▶ _Given data_
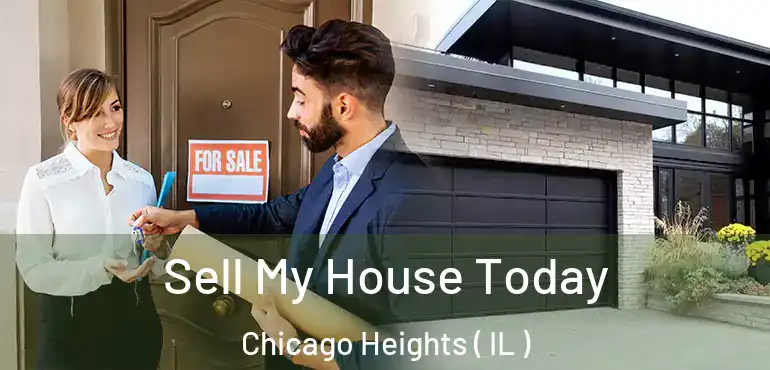  Sell My House Today Chicago Heights ( IL )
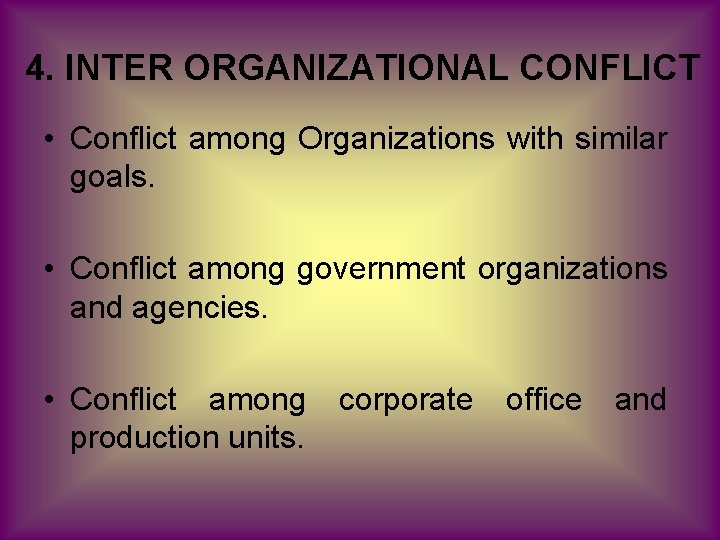 4. INTER ORGANIZATIONAL CONFLICT • Conflict among Organizations with similar goals. • Conflict among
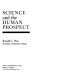 Science and the human prospect /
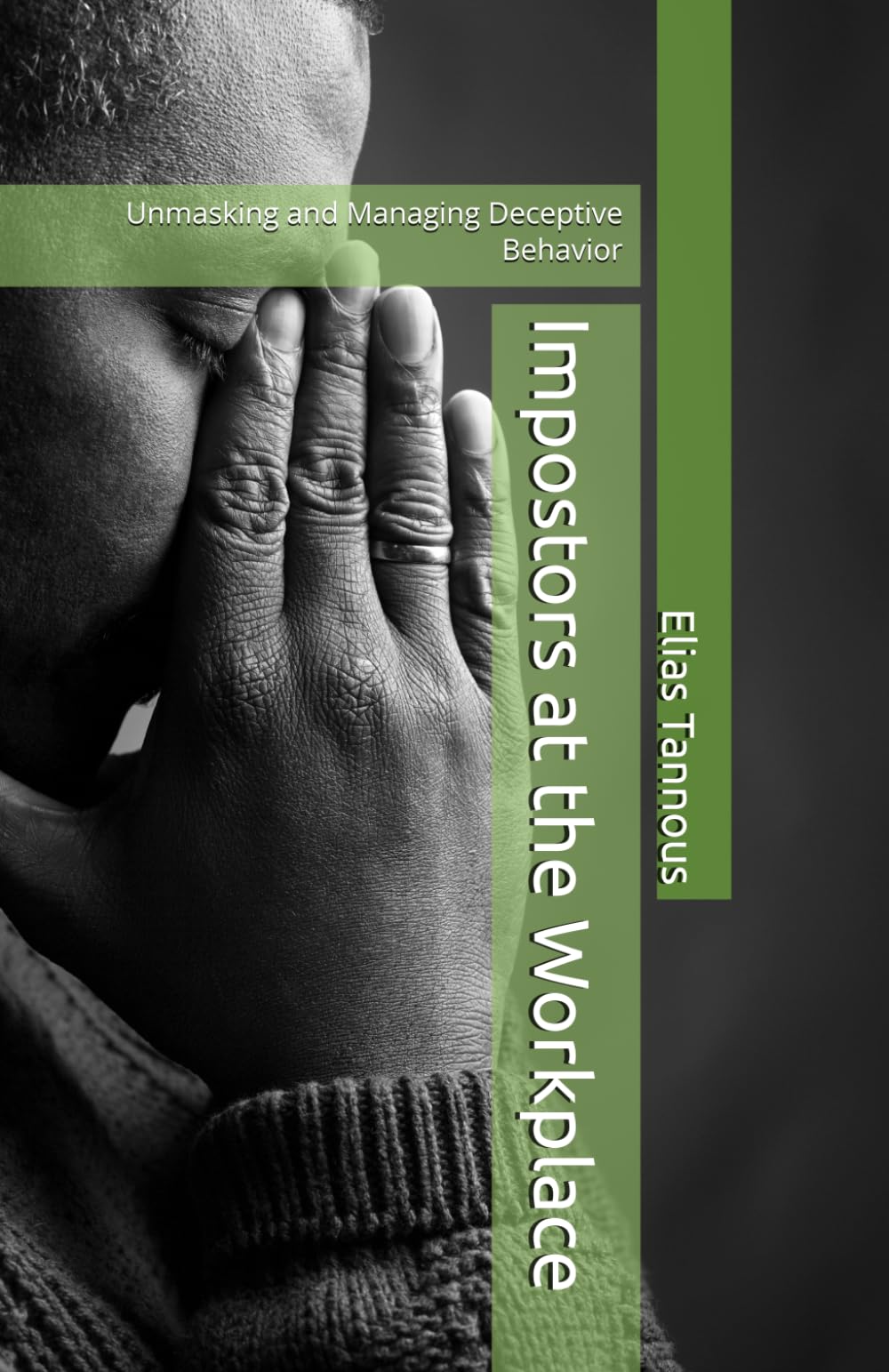 Impostors at the Workplace: Unmasking and Managing Deceptive Behavior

▶ _Required action_
Reproduce the lines above exactly, please, but not the pictures in them.

▶ _The completed task_
  Sell My House Today Chicago Heights ( IL )
 4. INTER ORGANIZATIONAL CONFLICT • Conflict among Organizations with similar goals. • Conflict among
 Science and the human prospect /
 Impostors at the Workplace: Unmasking and Managing Deceptive Behavior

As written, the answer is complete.